Produce an exact copy of all the data below, dropping every image.

Given data:
----------------

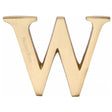 This is an image of a Heritage Brass - Alphabet W Pin Fix 51mm (2") Satin Brass Finish, c1565-2-w-sb that is available to order from T.H Wiggans Ironmongery in Kendal.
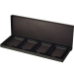 Four Slab Black Chipboard Certified Coin Gift Box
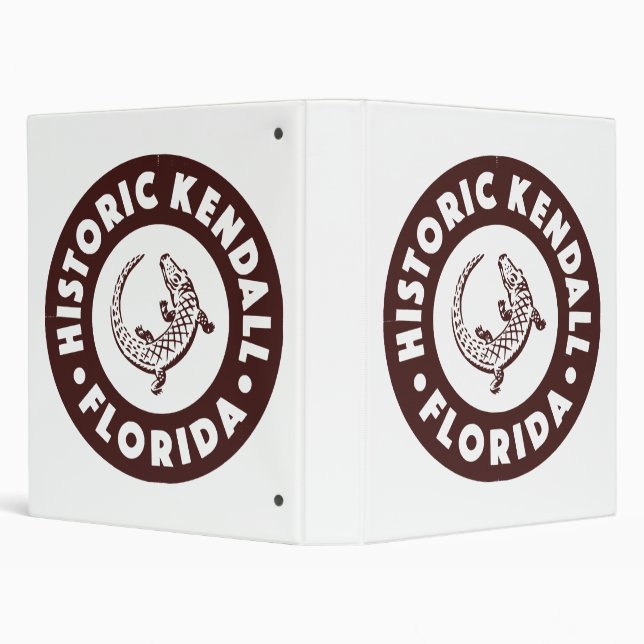 Kendall Florida Circle - Brown  3 Ring Binder (Background)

----------------

Response to this task:
 This is an image of a Heritage Brass - Alphabet W Pin Fix 51mm (2") Satin Brass Finish, c1565-2-w-sb that is available to order from T.H Wiggans Ironmongery in Kendal.
 Four Slab Black Chipboard Certified Coin Gift Box
 Kendall Florida Circle - Brown  3 Ring Binder (Background)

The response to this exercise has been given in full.